**What the task asks:** From the records below, set down exactly the lines starting with the line that contains "Holiday Inn - Clarksville" and going on through the line that contains "Appartamento in vendita". Nothing else is wanted.

──────── Dataset records ────────

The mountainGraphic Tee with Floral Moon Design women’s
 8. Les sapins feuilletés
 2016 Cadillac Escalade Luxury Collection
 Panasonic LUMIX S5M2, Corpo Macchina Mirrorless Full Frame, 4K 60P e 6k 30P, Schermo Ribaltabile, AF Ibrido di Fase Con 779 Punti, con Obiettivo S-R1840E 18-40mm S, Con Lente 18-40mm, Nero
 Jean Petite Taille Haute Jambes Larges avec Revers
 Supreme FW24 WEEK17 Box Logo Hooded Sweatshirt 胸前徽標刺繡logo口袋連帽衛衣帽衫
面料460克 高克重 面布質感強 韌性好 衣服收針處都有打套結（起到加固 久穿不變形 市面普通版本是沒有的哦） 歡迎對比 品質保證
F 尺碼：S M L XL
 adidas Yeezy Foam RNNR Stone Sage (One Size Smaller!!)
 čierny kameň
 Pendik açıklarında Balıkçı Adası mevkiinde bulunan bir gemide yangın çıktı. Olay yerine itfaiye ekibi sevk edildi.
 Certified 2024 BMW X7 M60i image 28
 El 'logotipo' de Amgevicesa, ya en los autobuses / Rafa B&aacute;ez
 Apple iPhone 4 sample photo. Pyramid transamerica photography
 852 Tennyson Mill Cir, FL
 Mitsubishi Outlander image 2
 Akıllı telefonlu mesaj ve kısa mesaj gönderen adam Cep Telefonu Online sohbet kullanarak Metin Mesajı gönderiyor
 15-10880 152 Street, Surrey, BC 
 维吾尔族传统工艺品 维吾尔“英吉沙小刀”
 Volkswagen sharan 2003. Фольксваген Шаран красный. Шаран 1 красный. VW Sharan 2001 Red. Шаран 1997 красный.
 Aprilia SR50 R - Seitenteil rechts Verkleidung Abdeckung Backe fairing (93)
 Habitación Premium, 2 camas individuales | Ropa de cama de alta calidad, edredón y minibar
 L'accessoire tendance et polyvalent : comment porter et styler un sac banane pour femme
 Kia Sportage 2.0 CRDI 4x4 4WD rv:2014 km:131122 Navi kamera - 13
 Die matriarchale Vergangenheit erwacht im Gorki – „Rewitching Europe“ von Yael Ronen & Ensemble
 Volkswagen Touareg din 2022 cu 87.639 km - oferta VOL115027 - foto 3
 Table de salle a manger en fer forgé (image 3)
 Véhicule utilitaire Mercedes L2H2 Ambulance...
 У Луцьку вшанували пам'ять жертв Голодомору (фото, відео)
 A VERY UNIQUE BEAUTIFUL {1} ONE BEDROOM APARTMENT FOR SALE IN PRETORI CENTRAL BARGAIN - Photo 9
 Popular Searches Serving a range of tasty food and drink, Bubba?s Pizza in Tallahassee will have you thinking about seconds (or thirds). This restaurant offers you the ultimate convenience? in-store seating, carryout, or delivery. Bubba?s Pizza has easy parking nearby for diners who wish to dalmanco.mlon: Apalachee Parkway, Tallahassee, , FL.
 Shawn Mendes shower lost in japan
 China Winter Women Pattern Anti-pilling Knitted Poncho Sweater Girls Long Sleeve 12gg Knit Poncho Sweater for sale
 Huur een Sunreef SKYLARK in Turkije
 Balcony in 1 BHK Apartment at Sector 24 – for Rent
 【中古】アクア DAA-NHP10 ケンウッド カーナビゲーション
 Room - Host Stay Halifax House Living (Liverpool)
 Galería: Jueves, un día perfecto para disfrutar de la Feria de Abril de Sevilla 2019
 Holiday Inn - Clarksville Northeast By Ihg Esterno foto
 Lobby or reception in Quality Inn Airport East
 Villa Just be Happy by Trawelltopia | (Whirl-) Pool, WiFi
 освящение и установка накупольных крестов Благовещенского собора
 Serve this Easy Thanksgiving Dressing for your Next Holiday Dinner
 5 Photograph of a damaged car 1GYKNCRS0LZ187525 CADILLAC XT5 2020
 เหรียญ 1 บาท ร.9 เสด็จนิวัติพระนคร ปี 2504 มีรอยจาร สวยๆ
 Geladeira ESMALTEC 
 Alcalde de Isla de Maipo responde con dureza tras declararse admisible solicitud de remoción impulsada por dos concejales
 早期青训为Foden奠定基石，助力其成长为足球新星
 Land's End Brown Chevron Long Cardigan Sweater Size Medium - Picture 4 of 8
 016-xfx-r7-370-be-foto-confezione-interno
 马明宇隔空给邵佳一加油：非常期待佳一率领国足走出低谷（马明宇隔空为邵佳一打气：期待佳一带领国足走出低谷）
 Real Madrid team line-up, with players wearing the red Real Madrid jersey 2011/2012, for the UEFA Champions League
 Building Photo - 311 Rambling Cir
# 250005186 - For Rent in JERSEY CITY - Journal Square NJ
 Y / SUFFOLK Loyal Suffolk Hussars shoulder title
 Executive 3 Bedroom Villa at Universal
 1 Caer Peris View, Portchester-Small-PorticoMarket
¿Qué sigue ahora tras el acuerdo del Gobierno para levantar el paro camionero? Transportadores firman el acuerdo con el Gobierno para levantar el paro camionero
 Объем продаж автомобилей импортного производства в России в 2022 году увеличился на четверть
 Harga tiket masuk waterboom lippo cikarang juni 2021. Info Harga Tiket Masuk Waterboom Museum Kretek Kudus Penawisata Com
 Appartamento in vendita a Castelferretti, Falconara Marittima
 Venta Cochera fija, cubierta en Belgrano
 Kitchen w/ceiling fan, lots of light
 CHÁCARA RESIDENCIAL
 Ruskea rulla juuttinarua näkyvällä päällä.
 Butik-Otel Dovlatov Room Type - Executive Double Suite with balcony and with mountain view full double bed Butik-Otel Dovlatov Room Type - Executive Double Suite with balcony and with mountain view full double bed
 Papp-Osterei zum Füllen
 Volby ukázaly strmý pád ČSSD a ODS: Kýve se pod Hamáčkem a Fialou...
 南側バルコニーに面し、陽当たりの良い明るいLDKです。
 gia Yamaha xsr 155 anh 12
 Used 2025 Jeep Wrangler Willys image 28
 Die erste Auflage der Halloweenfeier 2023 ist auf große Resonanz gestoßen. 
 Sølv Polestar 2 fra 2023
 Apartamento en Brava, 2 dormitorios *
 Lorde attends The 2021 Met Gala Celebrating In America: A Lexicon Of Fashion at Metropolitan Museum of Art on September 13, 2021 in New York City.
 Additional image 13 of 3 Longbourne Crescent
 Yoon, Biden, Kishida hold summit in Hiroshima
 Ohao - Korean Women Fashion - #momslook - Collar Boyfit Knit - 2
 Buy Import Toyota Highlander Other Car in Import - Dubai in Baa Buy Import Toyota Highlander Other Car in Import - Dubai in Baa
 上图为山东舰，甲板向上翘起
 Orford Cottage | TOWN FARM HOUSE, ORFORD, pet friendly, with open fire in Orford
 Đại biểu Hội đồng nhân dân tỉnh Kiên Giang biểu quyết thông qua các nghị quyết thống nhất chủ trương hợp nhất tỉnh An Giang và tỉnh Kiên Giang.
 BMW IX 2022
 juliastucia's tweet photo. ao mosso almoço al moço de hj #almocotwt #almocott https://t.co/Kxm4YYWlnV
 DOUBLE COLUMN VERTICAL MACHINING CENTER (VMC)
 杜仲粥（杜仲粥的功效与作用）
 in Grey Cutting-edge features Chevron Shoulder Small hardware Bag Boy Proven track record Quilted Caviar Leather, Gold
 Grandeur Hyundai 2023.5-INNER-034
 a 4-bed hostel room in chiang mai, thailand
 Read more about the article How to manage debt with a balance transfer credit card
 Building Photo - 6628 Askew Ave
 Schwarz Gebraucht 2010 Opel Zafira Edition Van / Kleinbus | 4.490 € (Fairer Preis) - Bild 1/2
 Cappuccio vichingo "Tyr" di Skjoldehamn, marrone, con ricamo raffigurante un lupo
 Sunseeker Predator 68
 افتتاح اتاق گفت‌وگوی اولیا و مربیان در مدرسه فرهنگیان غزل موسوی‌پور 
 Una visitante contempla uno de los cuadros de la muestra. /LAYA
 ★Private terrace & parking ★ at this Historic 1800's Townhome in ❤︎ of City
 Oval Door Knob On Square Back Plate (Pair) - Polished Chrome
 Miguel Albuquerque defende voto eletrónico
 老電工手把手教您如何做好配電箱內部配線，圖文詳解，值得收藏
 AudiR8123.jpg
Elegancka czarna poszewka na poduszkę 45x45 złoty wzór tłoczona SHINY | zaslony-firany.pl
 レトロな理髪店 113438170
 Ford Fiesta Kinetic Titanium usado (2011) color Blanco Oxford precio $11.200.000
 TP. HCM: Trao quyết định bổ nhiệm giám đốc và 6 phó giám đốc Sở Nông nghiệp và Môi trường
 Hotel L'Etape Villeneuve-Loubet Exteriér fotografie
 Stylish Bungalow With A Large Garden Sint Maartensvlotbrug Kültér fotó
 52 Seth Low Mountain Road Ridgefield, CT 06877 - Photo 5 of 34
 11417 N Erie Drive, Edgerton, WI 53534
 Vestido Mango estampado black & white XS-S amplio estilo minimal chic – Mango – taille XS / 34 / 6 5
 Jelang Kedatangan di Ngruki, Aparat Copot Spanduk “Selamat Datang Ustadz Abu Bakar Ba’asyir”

────────

**Written solution:**
 Holiday Inn - Clarksville Northeast By Ihg Esterno foto
 Lobby or reception in Quality Inn Airport East
 Villa Just be Happy by Trawelltopia | (Whirl-) Pool, WiFi
 освящение и установка накупольных крестов Благовещенского собора
 Serve this Easy Thanksgiving Dressing for your Next Holiday Dinner
 5 Photograph of a damaged car 1GYKNCRS0LZ187525 CADILLAC XT5 2020
 เหรียญ 1 บาท ร.9 เสด็จนิวัติพระนคร ปี 2504 มีรอยจาร สวยๆ
 Geladeira ESMALTEC 
 Alcalde de Isla de Maipo responde con dureza tras declararse admisible solicitud de remoción impulsada por dos concejales
 早期青训为Foden奠定基石，助力其成长为足球新星
 Land's End Brown Chevron Long Cardigan Sweater Size Medium - Picture 4 of 8
 016-xfx-r7-370-be-foto-confezione-interno
 马明宇隔空给邵佳一加油：非常期待佳一率领国足走出低谷（马明宇隔空为邵佳一打气：期待佳一带领国足走出低谷）
 Real Madrid team line-up, with players wearing the red Real Madrid jersey 2011/2012, for the UEFA Champions League
 Building Photo - 311 Rambling Cir
# 250005186 - For Rent in JERSEY CITY - Journal Square NJ
 Y / SUFFOLK Loyal Suffolk Hussars shoulder title
 Executive 3 Bedroom Villa at Universal
 1 Caer Peris View, Portchester-Small-PorticoMarket
¿Qué sigue ahora tras el acuerdo del Gobierno para levantar el paro camionero? Transportadores firman el acuerdo con el Gobierno para levantar el paro camionero
 Объем продаж автомобилей импортного производства в России в 2022 году увеличился на четверть
 Harga tiket masuk waterboom lippo cikarang juni 2021. Info Harga Tiket Masuk Waterboom Museum Kretek Kudus Penawisata Com
 Appartamento in vendita a Castelferretti, Falconara Marittima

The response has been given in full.